Now the invention will be described by referring to the following example, which is simply illustrative and not limitative of the present invention.
EXAMPLE
A uniaxially stretched polyvinylidene fluoride film having a thickness of about 56 microns was immersed in a 1 percent chloroform-acetone (5:5) solution of Epon No. 828 (an epoxy resin produced by the Shell Chemical Corp.) and Versamid 115 (a curing agent produced by the Dai-ichi General K.K. Co.) in a ratio of 4:6 and dried at room termperature to provide the undercoated film of 62 microns in thickness. Thereafter, aluminum was vacuum-deposited on the under-coat under a reduced pressure of 10 - 5 mm.Hg. The thickness of the aluminum coated thus formed was about 700 A.

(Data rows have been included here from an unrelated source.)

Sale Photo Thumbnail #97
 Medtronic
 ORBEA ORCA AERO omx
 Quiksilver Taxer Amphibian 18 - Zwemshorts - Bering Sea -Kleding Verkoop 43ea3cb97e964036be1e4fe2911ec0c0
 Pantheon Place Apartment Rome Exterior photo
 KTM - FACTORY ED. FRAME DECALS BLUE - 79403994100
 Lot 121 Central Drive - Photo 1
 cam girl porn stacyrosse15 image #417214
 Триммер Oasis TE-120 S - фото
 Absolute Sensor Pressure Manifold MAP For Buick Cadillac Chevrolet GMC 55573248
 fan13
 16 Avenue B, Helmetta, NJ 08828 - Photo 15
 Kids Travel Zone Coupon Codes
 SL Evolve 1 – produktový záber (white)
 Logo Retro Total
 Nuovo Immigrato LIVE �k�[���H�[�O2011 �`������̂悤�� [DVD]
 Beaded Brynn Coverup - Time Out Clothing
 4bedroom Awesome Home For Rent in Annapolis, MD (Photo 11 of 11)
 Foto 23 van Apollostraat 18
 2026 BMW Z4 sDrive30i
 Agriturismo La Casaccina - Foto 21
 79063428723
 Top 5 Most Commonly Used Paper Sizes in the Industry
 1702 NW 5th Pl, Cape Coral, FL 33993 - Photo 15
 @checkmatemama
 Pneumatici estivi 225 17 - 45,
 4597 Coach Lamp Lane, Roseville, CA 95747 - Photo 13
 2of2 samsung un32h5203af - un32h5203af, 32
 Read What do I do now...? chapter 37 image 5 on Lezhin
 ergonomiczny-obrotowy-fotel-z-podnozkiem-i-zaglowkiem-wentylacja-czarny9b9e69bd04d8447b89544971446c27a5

When a stripping test by means of adhesive tape was applied to the vacuum-coated aluminum coating, no stripping of the aluminum coating was observed. On the other hand, when aluminum was vacuum-deposited on the surface of the polyvinylidene fluoride film directly or after subjecting the surface thereof to corona discharging, the aluminum coating was readily stripped off by the stripping test with the adhesive tape.
Each of the three kinds of the coated films prepared above were subjected to a polarization treatment using the aluminum coatings as the electrodes at 90°C. while applying a D.C. potential of 700 KV/cm. The piezoelectric constant of the piezoelectric elements obtained was 7.l × 10 -7 cgs. esu. In each case, that is, the piezoelectric element of this invention having the under coat was not inferior in the piezoelectricity to those having no under coat.
When the piezoelectric element of this invention prepared above was used as a piezoelectric element for a pick up for a record player and the pick up was used for record playing for longer than 1,000 hours, no deterioration in sound and shape was observed. On the other hand, when the comparison piezoelectric element having no undercoat was used, the sensitivity thereof was reduced within a few tens of hours and when it was used for 100 hours, the aluminum coating was totally stripped off.
Although the present invention has been adequately described in the foregoing specification and example included therein, it is readily apparent that various changes and modifications can be made without departing from the spirit and scope thereof.